Il y a 4 ans (et même un peu moins), nos libraires étaient – tout comme moi – des béotiens en Rimbaldie (sans passeport, ni carte routière du pays, n’ayant pour tout baluchon que quelques bribes de langage ânonnées sur les flancs de l’école), de vrais sans-papiers, que la première police de caractère venue pouvait sans remords toiser d’un regard peu amène. 

Or les voici, aujourd’hui, devenus les arbitres des élégances de ce pays mythique, baguenaudant par-ci, devisant par-là, jugeant par devant, tranchant par revers, d’Arthur Rimbaud, de sa sœur, de sa mère, et tutta la famiglia

Et pour quelle raison ? Pour avoir un jour trouvé, dans le double fond d’une boîte à chaussures, une photo qu’ils ont crû, puis décrété, être une photo d’Arthur. Les paradeux sauvagement pouvaient bien s’étouffer d’enragement, nos amis avaient mis la main, puis le pied, sur la clef qui ouvrait la serrure ! 

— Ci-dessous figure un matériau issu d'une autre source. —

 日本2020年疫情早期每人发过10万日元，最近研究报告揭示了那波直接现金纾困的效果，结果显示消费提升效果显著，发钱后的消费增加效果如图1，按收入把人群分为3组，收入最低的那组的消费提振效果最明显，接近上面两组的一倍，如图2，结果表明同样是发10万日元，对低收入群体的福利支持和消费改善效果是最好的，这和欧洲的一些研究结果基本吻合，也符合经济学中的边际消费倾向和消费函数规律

Du moins le croyaient-ils alors, et peut-être le croient-ils encore ? Alors qu’il n’est, en ces contrées mythiques, ni clef à trouver, ni serrure à forcer, mais seulement des êtres (individus, médias…) de chair et de rêves, à séduire et à emporter. 

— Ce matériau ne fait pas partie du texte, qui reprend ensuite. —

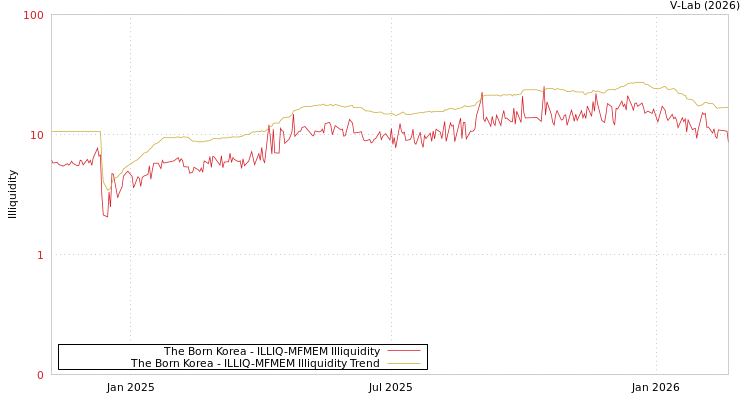 graph of The Born Korea ILLIQ-MFMEM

Que Rimbaud soit, réellement ou non, sur la photo se révèle – avouons-le – franchement secondaire. Lâchez dans les médias, le nom à deux syllabes, la plume froufroute sur le papier, les doigts clavecinent sur le clavier, et l’imagination fait le reste. Le premier contradicteur venu sera vu comme un gâcheur de première. 

Ce n’est sans doute pas un hasard si le premier conquis ne fut rien moins que le biographe préféré du poète. Il voyait enfin (ou croyait voir) le Graal tant attendu. Ce vieux pot des meilleures soupes. Le chaînon manquant de sa quête biographique, œuvre superlative de toute une vie. Et il accepterait sans barguigner que des hurluberlus qui n’ont pas gratté 2 pages sensées sur son héros, lui conchie (svp, prononcez « ratiocine ») son rêve ?! 

Jean-Jacques LEFRÈRE, légende

Affirmons-le aux lents d’esprit du marigot rimbaldien : les lointains cousins vous ont piqué le magot ! Nos amis libraires sont aujourd’hui les exécuteurs testamentaires officiels de l’héritage. 

Et pour exécuter, ils exécutent ! 

Comptez-vous !  
– Jacques BIENVENU sommairement expédié de quelques coups de guillemets bien appuyés, 
– DéDé les chaussettes, qui en a perdu la tête (et non l’inverse),
– JEANCOLAS, MOIX, et tant d’autres que j’oublie, 
– et même (aussi incroyable que cela paraisse, tant l’homme est pacifique), ce fut, tout récemment, le tour d’Alain BARDEL, dont les libraires posèrent (ô certes avec délicatesse !) la tête sur leur billot, sous prétexte (qui est dupe ?) d’une vague histoire de portrait d’AR faussement attribué à Fernand LÉGER. Nouvel écran de fumée. 

Nos amis font le ménage dans la ménagerie ! En quatre ans, ils sont devenus quelque chose comme les ambassadeurs patentés de la Rimbaldie, les seuls experts compétents à démêler le vrai du faux ( vraie oreille, faux Léger), les apparences des faux-semblants (aubade du lys à la verrue ?) sur tout ce qui concerne, de près ou de loin, Aden ou Rimbaud. 

Il n’est dorénavant donc plus besoin pour eux de revenir sur cette photo d’Aden qui les lança. On ne ressort pas de la poche son vieux ticket d’entrée froissé quand on a table ouverte au royaume d’Arthur. 

Ce serait maladroit. Et même une faute de goût.